1: Why can't you just reverse the direction on the motor and use normal props for a pusher? Seems like that would reverse the thrust in the same way a push prop does. I guess this works but I want someone else to tell me its ok before I throw something in the air like this and learn the hard way.

2: Why are all the prop-n-slot planes I see pushers? I can't see where this would matter too much. Maybe the pusher prop is better because it pushed into the plane instead of pulling away from it? Just for how easy it is to build and brace?

Thanks for your time. There will be many many more questions from me in the near future.
 
#2
1: Yeah, that's fine. I think most do reverse the direction of the motor and use normal props.
2: I think most prop in slot planes are pusher because the motor has weight and allows the balancing of the plane to be easier. Also wiring of the motor to the receiver and Battery is easier since you do not have to route the wire around the slot.
 

OutcastZeroOne

Fly, yes... Land, no
#4
1: Why can't you just reverse the direction on the motor and use normal props for a pusher? Seems like that would reverse the thrust in the same way a push prop does. I guess this works but I want someone else to tell me its ok before I throw something in the air like this and learn the hard way.
The propeller is designed to move air in one direction. If you look at a prop, most will have writing on them. That writing is ment to face in the direction of travel. So to simple revers the motors direction isnt enough, you must also flip the pro around so that it effetiantly moves the air.

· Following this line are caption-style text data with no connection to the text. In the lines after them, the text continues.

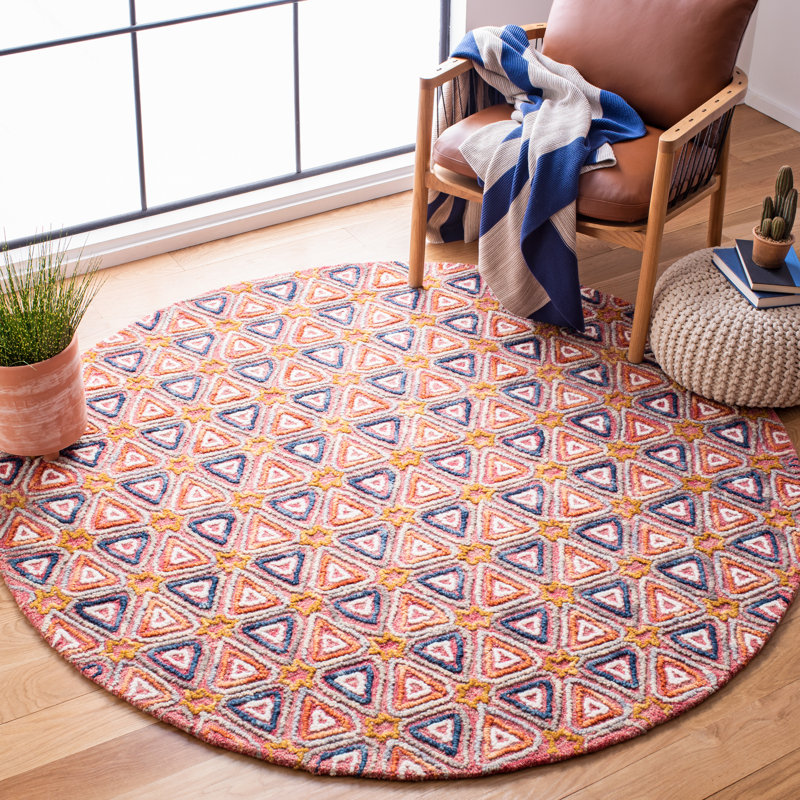 Tapis rouge / bleu marine Rubalcava, Rond 6 pi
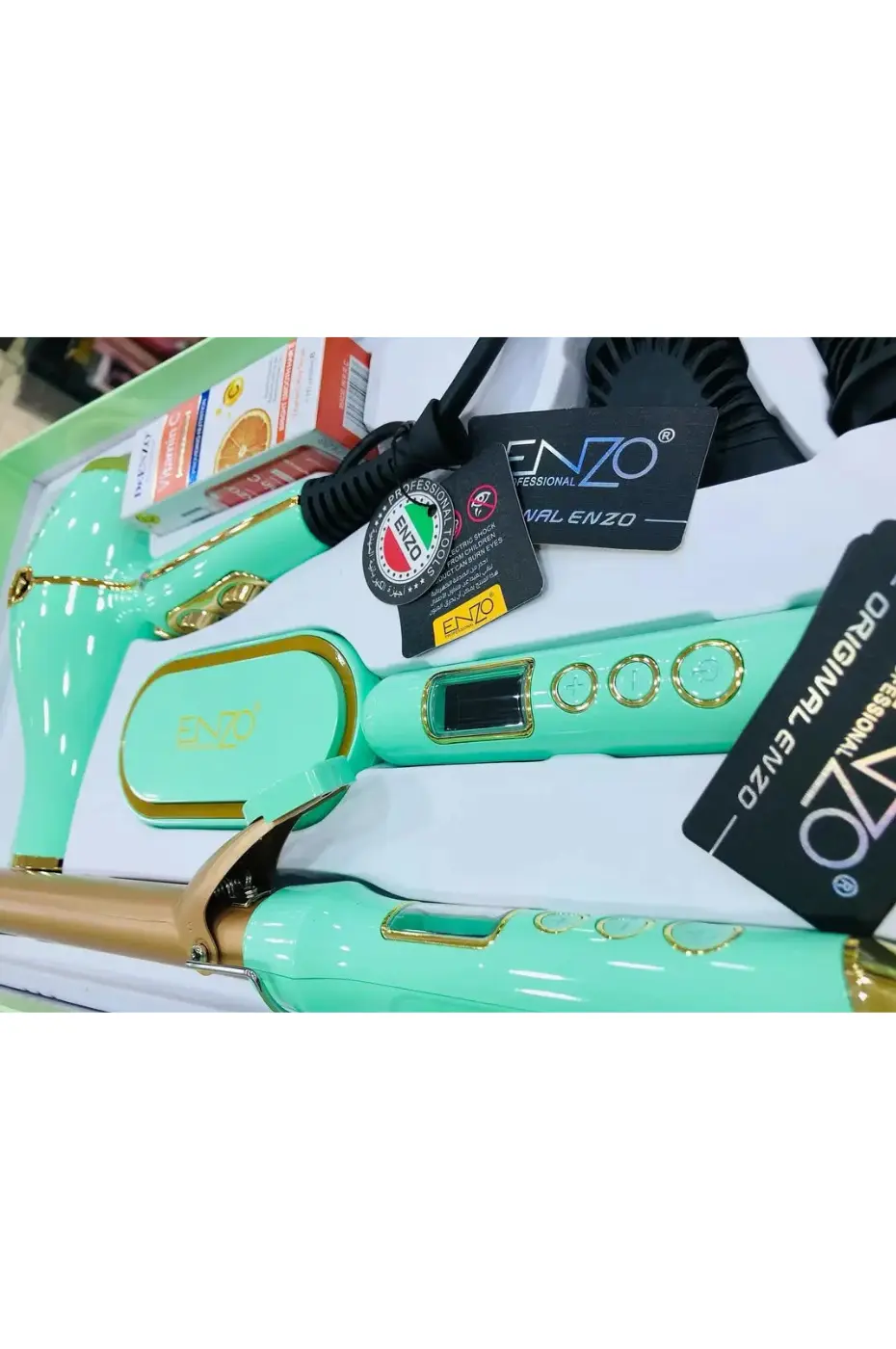 ENZO-PRO-Pack-3-en-1-(séchoir + brosse lissante + Boucleur)-3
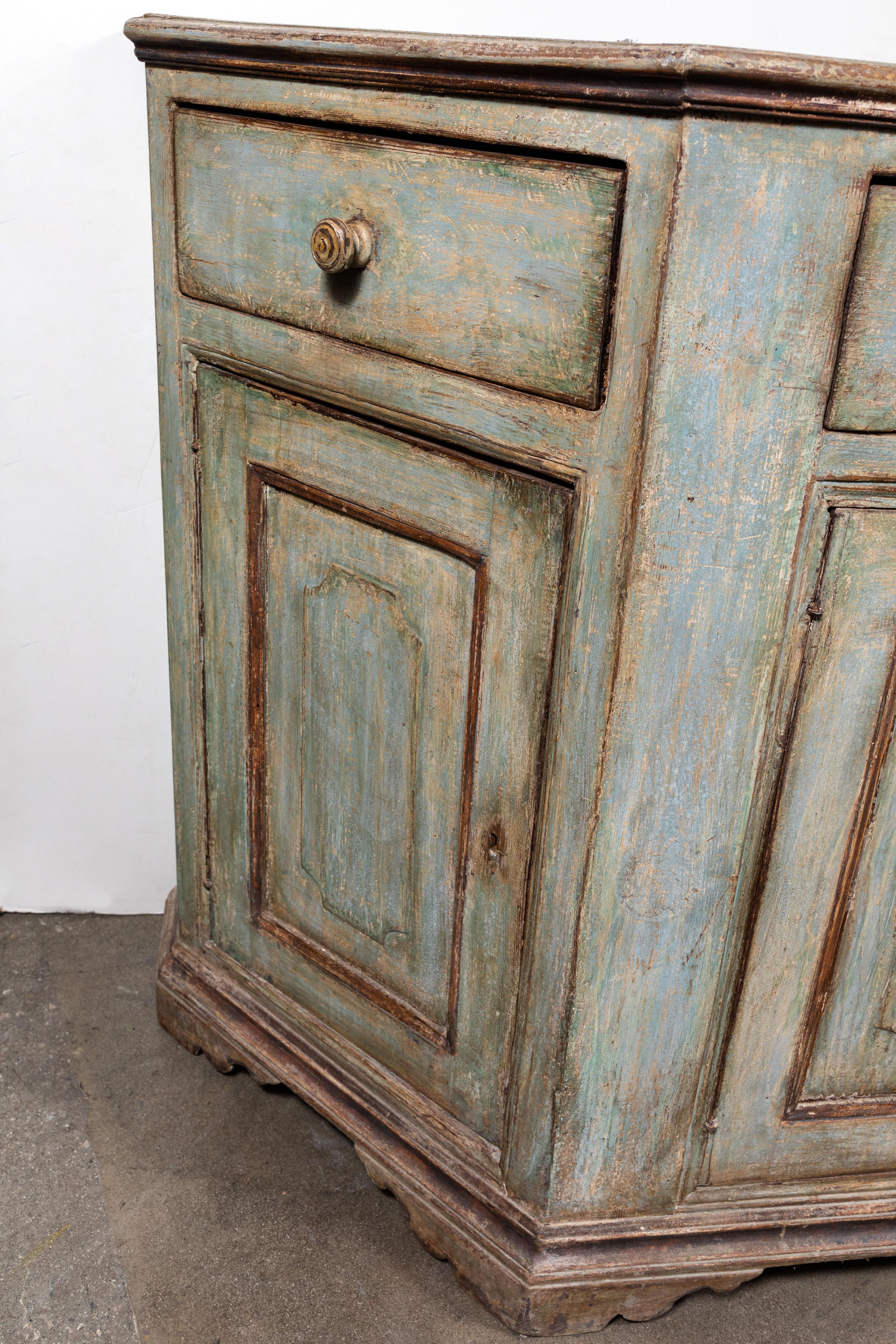 Late 19th Century Antique, Four Door, Painted Tuscan Buffet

2: Why are all the prop-n-slot planes I see pushers? I can't see where this would matter too much. Maybe the pusher prop is better because it pushed into the plane instead of pulling away from it? Just for how easy it is to build and brace?
If you look at how a lot of the prop in slot sets are done you will see that the motor is indeed ment to be placed at a strong point of the body and push into the body of the plane. It dose offer some structual benifits but there are also a few designs that use a tractor set up. Also since the motor sits so far back on the plane the battery must now be placed ahead of the motor to properlly balance the plane and allow it to fly. So haveing the motor work in a pusher set up also makes it very easy to run wires and balance the plane.
 
#6
I'm about to do my first two pushers and ran into a similar question. I get that the lettering needs to go forward, but my concern is that I want to use my Beef on a Versa conversion... it has a bolt on prop adapter (M6 size). I don't have a 4mm propsaver and would have to inside mount the engine even if I did. If I use a standard prop, but reverse the motor direction, it should push fine, but I'm concerned that the "nose" bolt will unscrew itself. Has anybody had that problem? I'd like to get in the air soon, weather permitting, and would prefer not to have to wait on an order of reverse direction props.
 

Craftydan

Hostage Taker of Quads
Moderator
Mentor
#7
OO,

it will unscrew . . . eventually. It will work just fine if you tighten down on the nut to the point the prop won't twist on the shaft.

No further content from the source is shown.